WHAT THE EXERCISE ASKS> What you should give back is a precise copy of the lines below from the one containing "PUMA King Match" through the one containing "Sydney 3 T-Shirt", with no pictures.

** DATA UNDER STUDY follows **

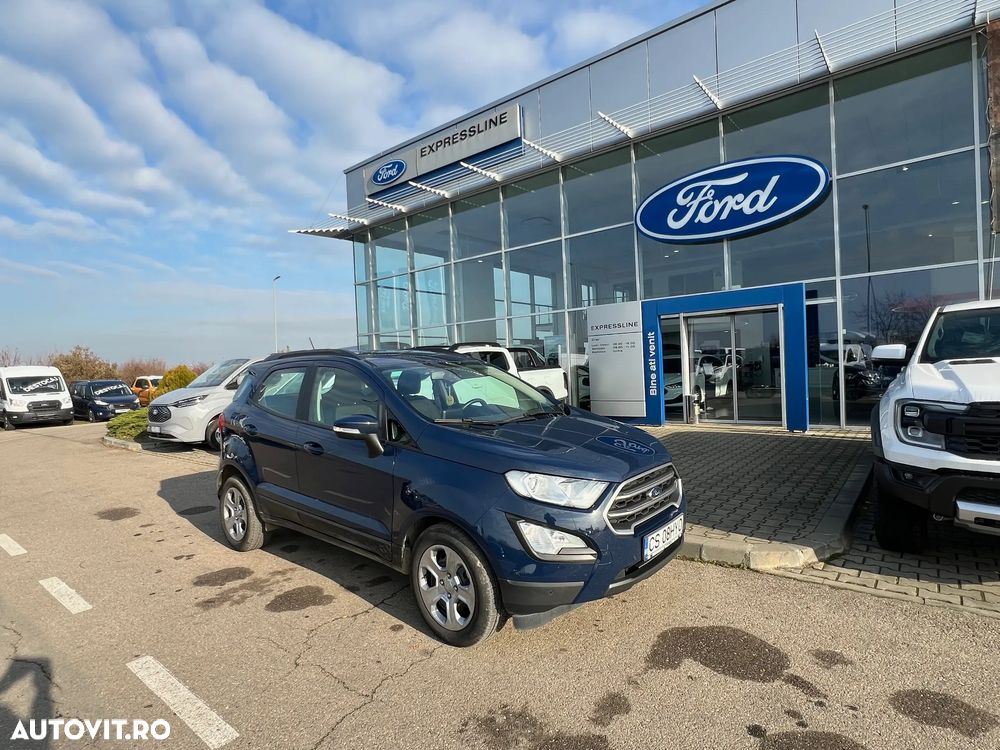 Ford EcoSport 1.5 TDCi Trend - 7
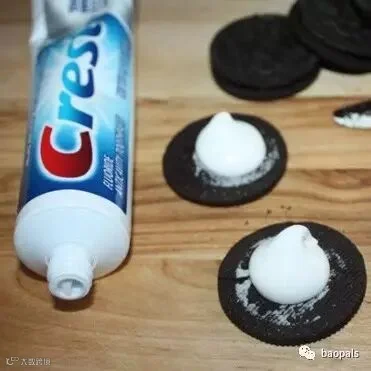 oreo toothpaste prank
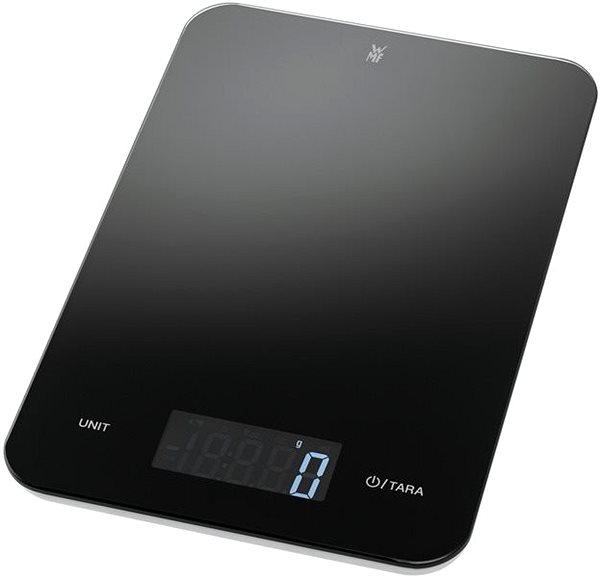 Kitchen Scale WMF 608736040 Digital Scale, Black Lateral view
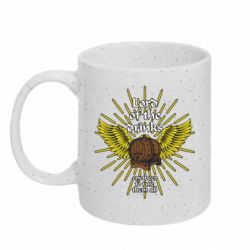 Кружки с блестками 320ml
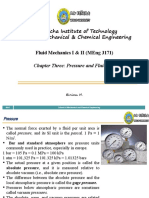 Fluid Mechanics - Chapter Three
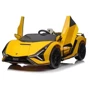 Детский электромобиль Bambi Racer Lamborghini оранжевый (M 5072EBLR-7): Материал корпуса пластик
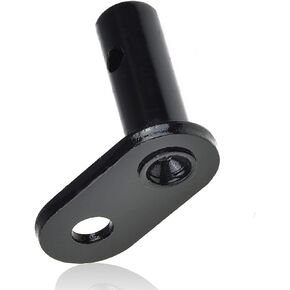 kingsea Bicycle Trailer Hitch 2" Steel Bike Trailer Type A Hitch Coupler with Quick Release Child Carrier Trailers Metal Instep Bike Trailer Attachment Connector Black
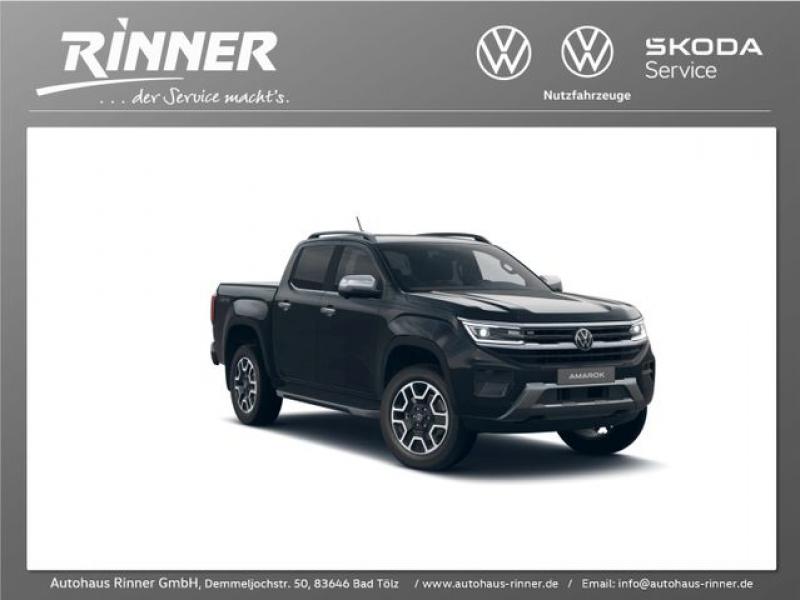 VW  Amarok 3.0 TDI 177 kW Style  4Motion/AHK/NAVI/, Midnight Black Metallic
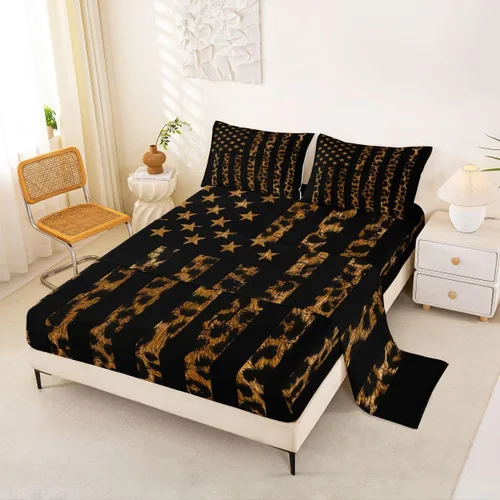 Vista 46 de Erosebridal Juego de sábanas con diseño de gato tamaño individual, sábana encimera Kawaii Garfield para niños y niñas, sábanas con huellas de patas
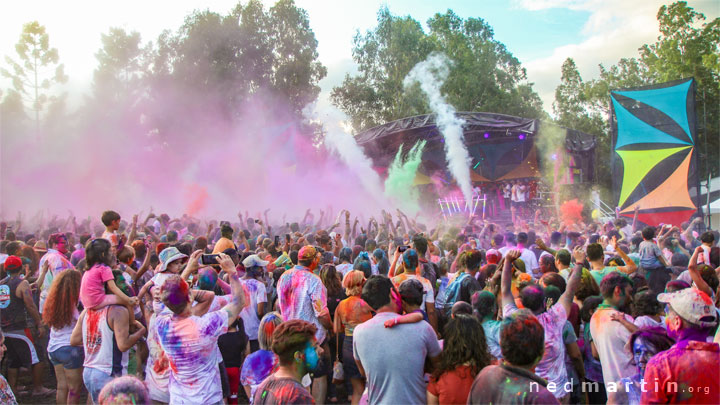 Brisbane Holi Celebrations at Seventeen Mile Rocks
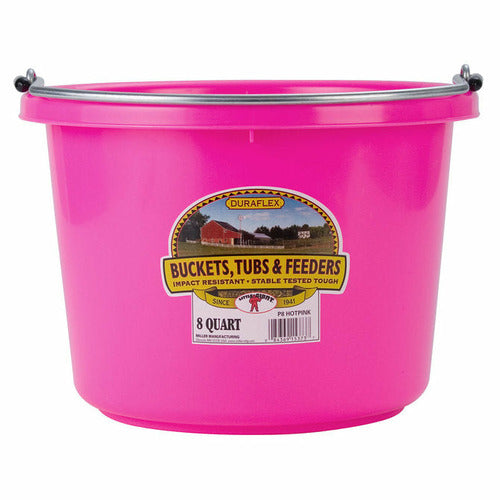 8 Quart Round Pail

** End of DATA UNDER STUDY **
** DATA UNDER STUDY follows **

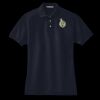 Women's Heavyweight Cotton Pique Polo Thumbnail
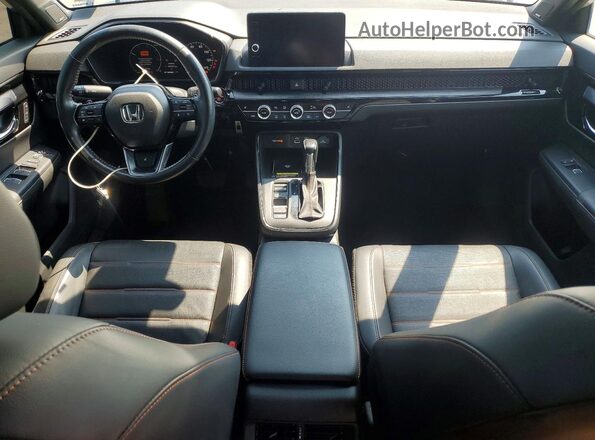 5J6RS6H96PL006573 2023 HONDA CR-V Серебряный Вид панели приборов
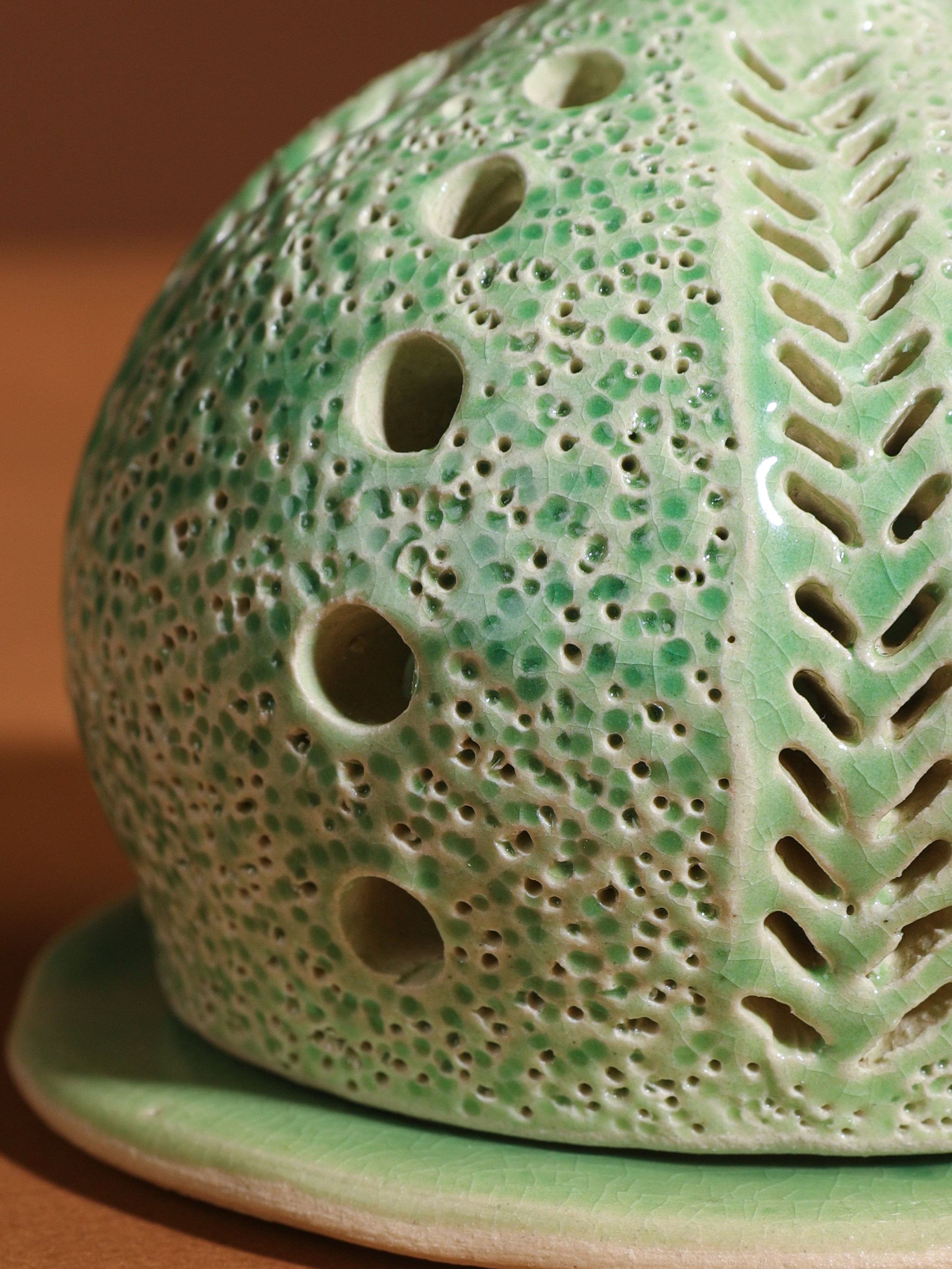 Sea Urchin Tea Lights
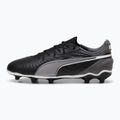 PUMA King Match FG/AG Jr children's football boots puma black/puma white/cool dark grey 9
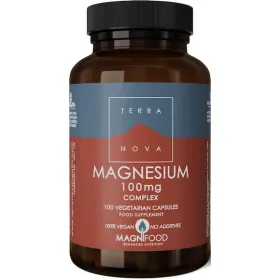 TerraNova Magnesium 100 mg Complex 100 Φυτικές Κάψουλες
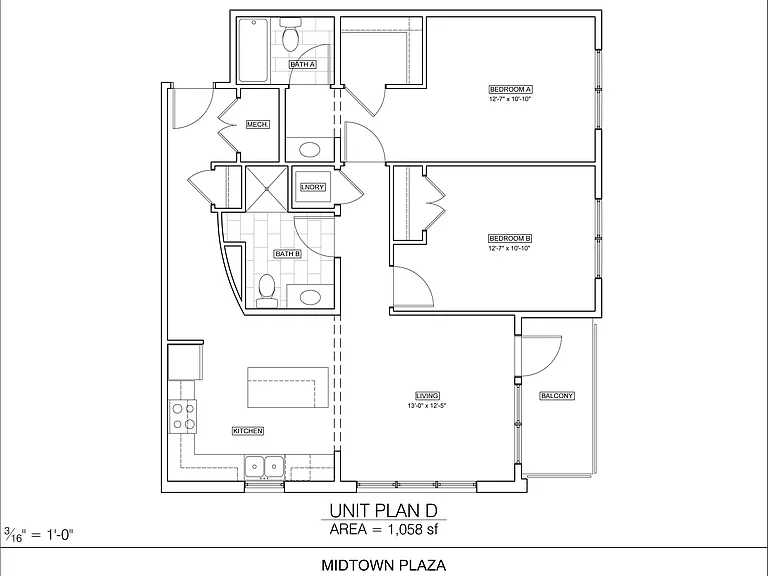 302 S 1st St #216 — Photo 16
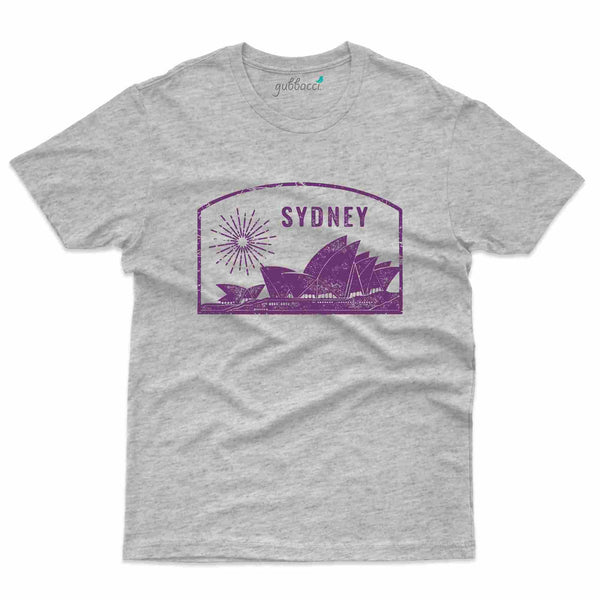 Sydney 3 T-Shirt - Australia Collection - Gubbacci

** End of DATA UNDER STUDY **

RESPONSE AREA>
 PUMA King Match FG/AG Jr children's football boots puma black/puma white/cool dark grey 9
 TerraNova Magnesium 100 mg Complex 100 Φυτικές Κάψουλες
 302 S 1st St #216 — Photo 16
 Sydney 3 T-Shirt - Australia Collection - Gubbacci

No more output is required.